Trump Sues New York and Congress to Shield His State Tax Returns

Trump Sues New York and Congress to Shield His State Tax Returns


It was against that backdrop that Democrats in New York assembled their bill and Gov. Andrew M. Cuomo signed it into law this month. As enacted, it requires state tax officials to hand over Mr. Trump’s state returns to the chairman of one of three congressional panels: the House Ways and Means Committee, the Senate Finance Committee and the Joint Committee on Taxation. The chairmen need only demonstrate a “specified and legitimate legislative purpose” for making the request.

State tax documents would most likely contain much of the information that Mr. Trump’s federal returns would.

Mr. Neal, a Democrat, has given no indication that he intends to actually make a request under the New York law. Some Democrats on Capitol Hill have even viewed the New York measure with reservation, worrying it will jeopardize their pursuit of Mr. Trump’s federal returns.

But Mr. Trump’s lawyers argue that Mr. Neal could change his mind at any time, and New York could comply “nearly instantaneously, mooting the president’s ability to object before his tax records are disclosed.”

“President Trump was thus forced to bring this lawsuit to safeguard his legal rights,” they wrote.

The legal maneuver is becoming familiar seven months into the Democratic House majority. Mr. Trump has also intervened in his private capacity to try to block private companies from complying with congressional subpoenas for various financial records.

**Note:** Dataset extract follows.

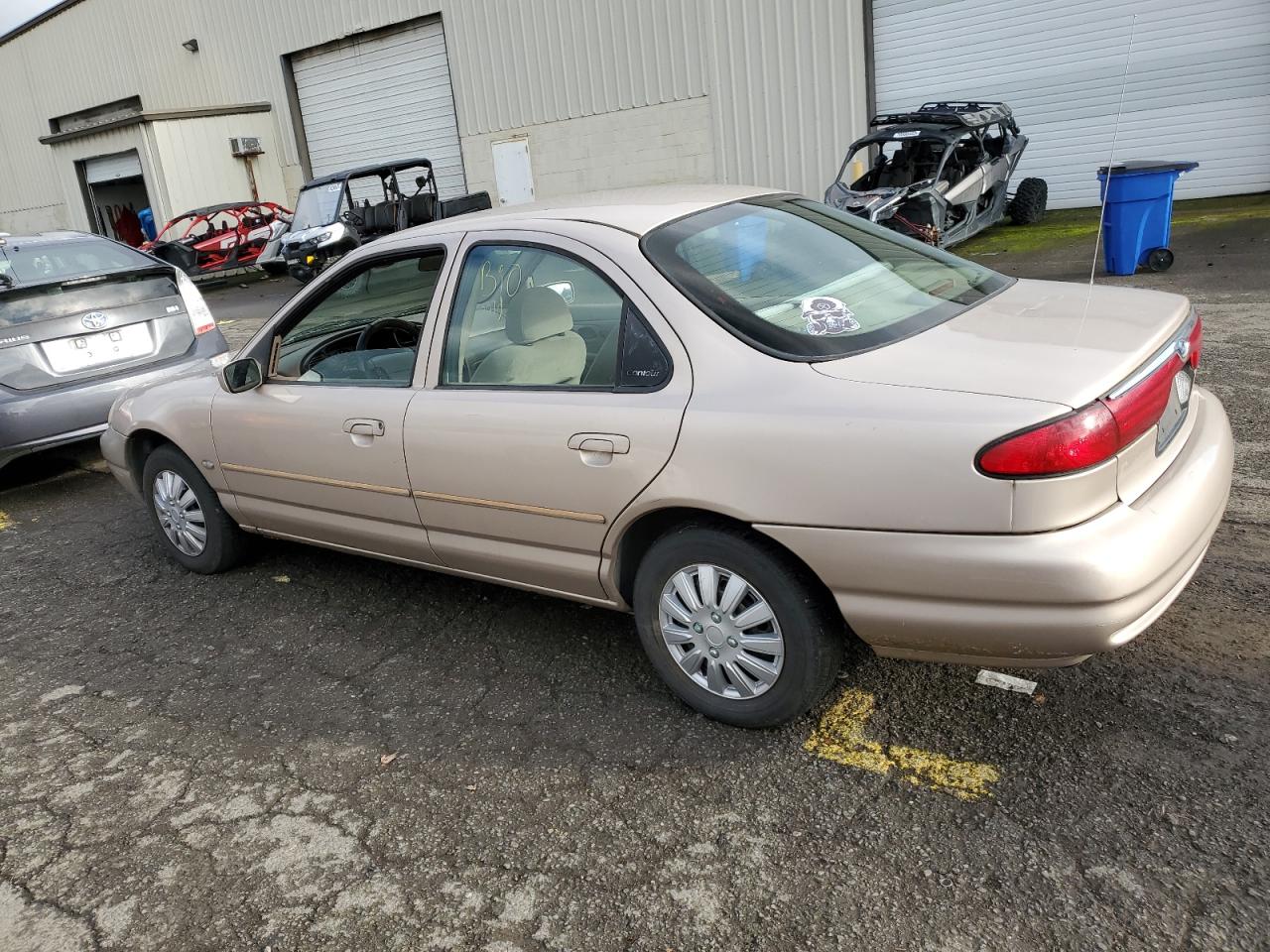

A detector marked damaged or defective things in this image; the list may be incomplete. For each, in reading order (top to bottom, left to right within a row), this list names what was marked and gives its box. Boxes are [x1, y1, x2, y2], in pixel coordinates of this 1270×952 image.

cracked pavement [0, 215, 1264, 952]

Democrats in Washington and Albany were not happy.

Representative Bill Pascrell Jr., Democrat of New Jersey and a member of the Ways and Means Committee, called the lawsuit “a pathetic stunt, not worth the forms it’s printed on, and should be laughed out of court.”

State Senator Brad Hoylman, the Manhattan Democrat who sponsored the bill in Albany’s upper chamber, rejected arguments by Mr. Trump’s lawyers. Responding to their claim that the law targeted Mr. Trump specifically, Mr. Hoylman noted that it applied “to all public officials who filed taxes in the state of New York.”

“As I’ve said all along, this is bigger than one elected official,” he said, adding that the law “represents an important statement on behalf of balance of powers, of which states like New York have an important role.”